Tantangan lingkungan yang menyertai pertanian sangatlah besar, dan akan semakin mendesak saat kita berusaha memenuhi kebutuhan pangan yang kian tinggi di seluruh dunia. Sebelum pertengahan abad ini, jumlah mulut yang perlu diberi makan mungkin akan bertambah dua miliar lagi—seluruhnya sembilan miliar orang lebih. Namun, pertumbuhan penduduk yang pesat bukan satu-satunya penyebab kita perlu makanan lebih banyak kelak. Penyebarluasan kemakmuran di seluruh dunia, terutama di Tiongkok dan India, mendorong kenaikan permintaan daging, telur, dan produk susu. Hal ini memperbesar tekanan untuk menanam lebih banyak jagung dan kedelai guna memberi makan lebih banyak ternak, babi, dan ayam. Jika pola ini berlanjut, tantangan ganda berupa pertumbuhan penduduk dan pola makan lebih sarat daging ini akan mengharuskan kita menggandakan jumlah tanaman yang kita tanam sebelum 2050.
Sayangnya, perdebatan tentang cara menghadapi tantangan pangan global ini terbelah menjadi dua kubu, mempertentangkan pertanian konvensional dan perdagangan global dengan sistem makanan lokal dan pertanian organik. Perdebatannya kadang-kadang sengit, dan seperti politik, kita tampaknya semakin terbelah, bukannya mencari titik tengah. Pihak yang mendukung pertanian konvensional berpendapat bahwa mekanisasi modern, pengairan, pupuk, dan perbaikan genetika dapat meningkatkan hasil panen untuk membantu memenuhi permintaan. Dan mereka benar. Sementara itu, pendukung pertanian lokal dan organik membalas bahwa petani kecil dunia dapat menaikkan hasil panen secara signifikan—dan mengentaskan diri dari kemiskinan—dengan memakai teknik-teknik yang lebih menyuburkan tanah tanpa pupuk sintetis dan pestisida.

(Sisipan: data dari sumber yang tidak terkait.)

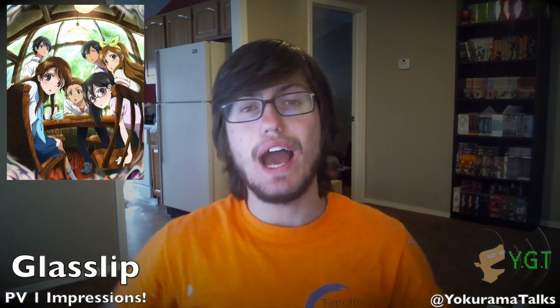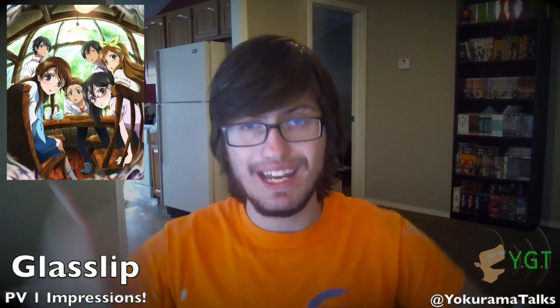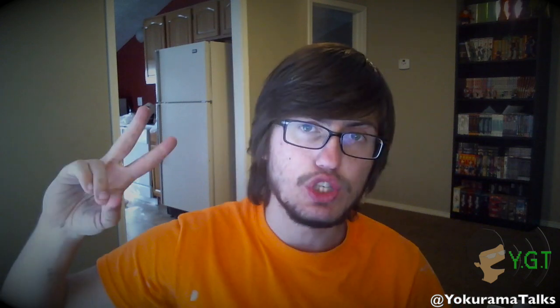Let me know in the comments below what you guys think of the trailer. I'll link it in the description, so check it out. Make sure you like and subscribe and all that good stuff. I'm Yokurama, and baby, I'm out — peace.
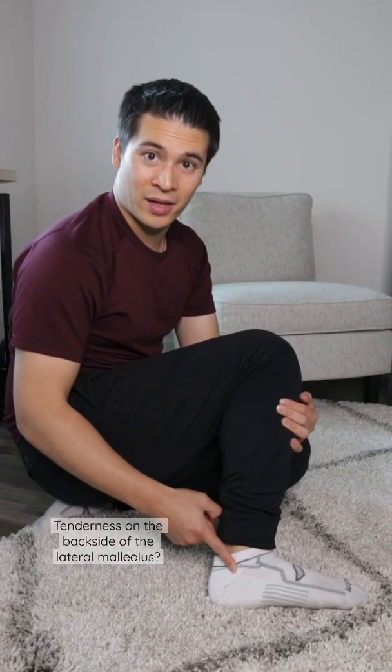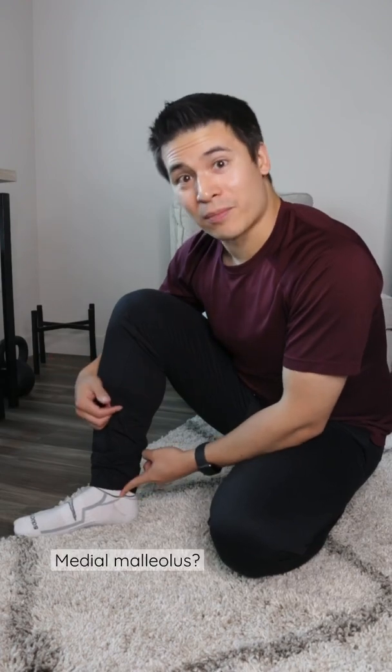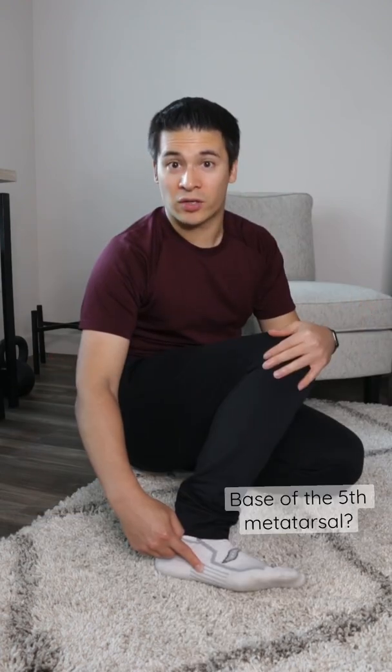One of the biggest things after an ankle sprain is to make sure that it's not actually fractured. So we check for tenderness on the backside of the lateral malleolus, and on the backside of the medial malleolus, the base of the fifth metatarsal, and on the navicular bone as well. If we have tenderness in any one of those areas, plus the inability to walk or bear weight, then we should probably get an x-ray of the ankle.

Mereka juga benar.
Inilah lima langkah yang mungkin dapat mengatasi dilema pangan dunia.
!break!
LANGKAH SATU Bekukan jejak pertanian
Hampir sepanjang sejarah, bilamana kita perlu menghasilkan makanan lebih banyak, kita tinggal menebang hutan atau membajak padang rumput untuk menambah lahan tani. Kita sudah membuka lahan kira-kira seluas Amerika Selatan untuk bercocok tanam. Untuk beternak, kita mengambil lahan lebih luas lagi, kira-kira sebesar Afrika. Jejak pertanian telah melenyapkan banyak ekosistem di seluruh dunia, termasuk padang rumput di Amerika Utara dan hutan Atlantik di Brasilia, sedangkan hutan tropis sampai sekarang masih dibuka dengan kecepatan mencemaskan. Namun, kerugian yang ditimbulkan terlalu besar kalau sekarang kita masih menambah produksi pangan dengan memperluas pertanian. Mengubah hutan tropis menjadi lahan tani adalah salah satu kegiatan manusia yang paling merusak lingkungan.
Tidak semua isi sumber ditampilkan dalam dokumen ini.